Chronology of Redwood Materials’ Growth in Energy Storage:

• 2017: Redwood Materials founded by JB Straubel with a focus on electronic waste and battery recycling.
• 2019: Straubel exits Tesla to lead Redwood full-time.
• 2021-2023: Redwood secures major recycling partnerships with Ford, Toyota, and Volkswagen.
• Mid-2025: Redwood Energy division is launched to focus on stationary BESS.
• July 2025: Redwood signs an MOU with General Motors for second-life battery repurposing.
• October 2025: Redwood raises $350 million in new funding to scale domestic energy storage production.
• Present: Rivian and Redwood announce the 10 MWh deployment in Normal, Illinois.

Broader Implications for the Automotive Industry

The Rivian-Redwood project serves as a pilot that other manufacturers are likely to watch closely. If successful, it proves that an auto plant can function as its own microgrid, using its own defective or aged products to subsidize its energy costs. This could lead to a shift in how automakers design battery packs, potentially prioritizing "repurposability" to ensure that packs can be easily extracted and stacked into storage containers.

Furthermore, this move strengthens the argument for domestic battery production and processing. By keeping the entire lifecycle of the battery within the United States—from manufacturing in Illinois to repurposing and eventual recycling—Rivian and Redwood are reducing their reliance on foreign supply chains and volatile raw material markets.
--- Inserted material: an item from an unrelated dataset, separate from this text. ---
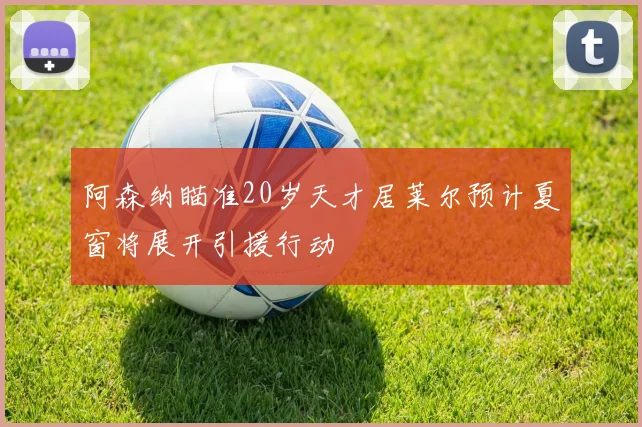 阿森纳瞄准20岁天才居莱尔预计夏窗将展开引援行动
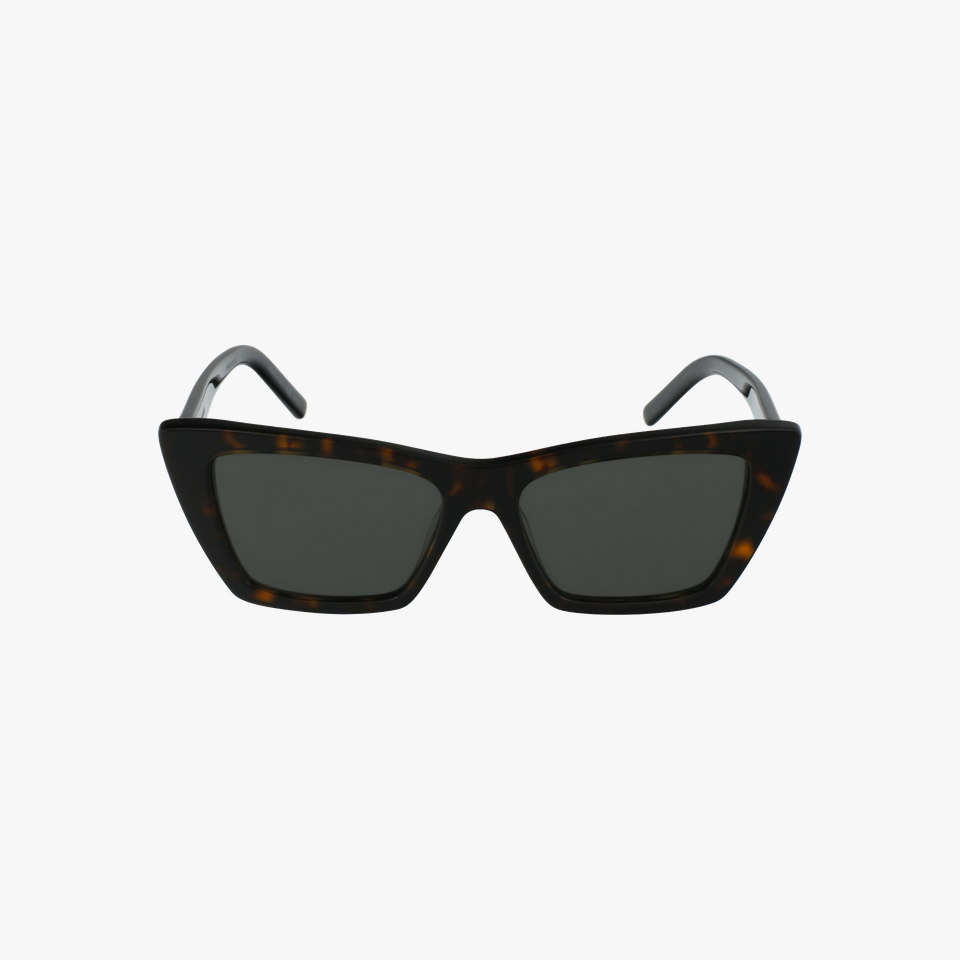 Lunettes de soleil femme SL 276 MICA écaille - Vue de face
As the 10 MWh system begins its initial operations in Normal, the industry will be looking for data on its reliability and the actual cost savings achieved through peak shaving. If the economics prove favorable, the modest 10 MWh installation could quickly grow into a gigawatt-hour scale asset, mirroring the massive growth seen in the electric vehicle market itself. For now, the partnership stands as a practical application of the circular economy, proving that the "waste" of the EV industry may actually be one of its most valuable resources for the future of the power grid.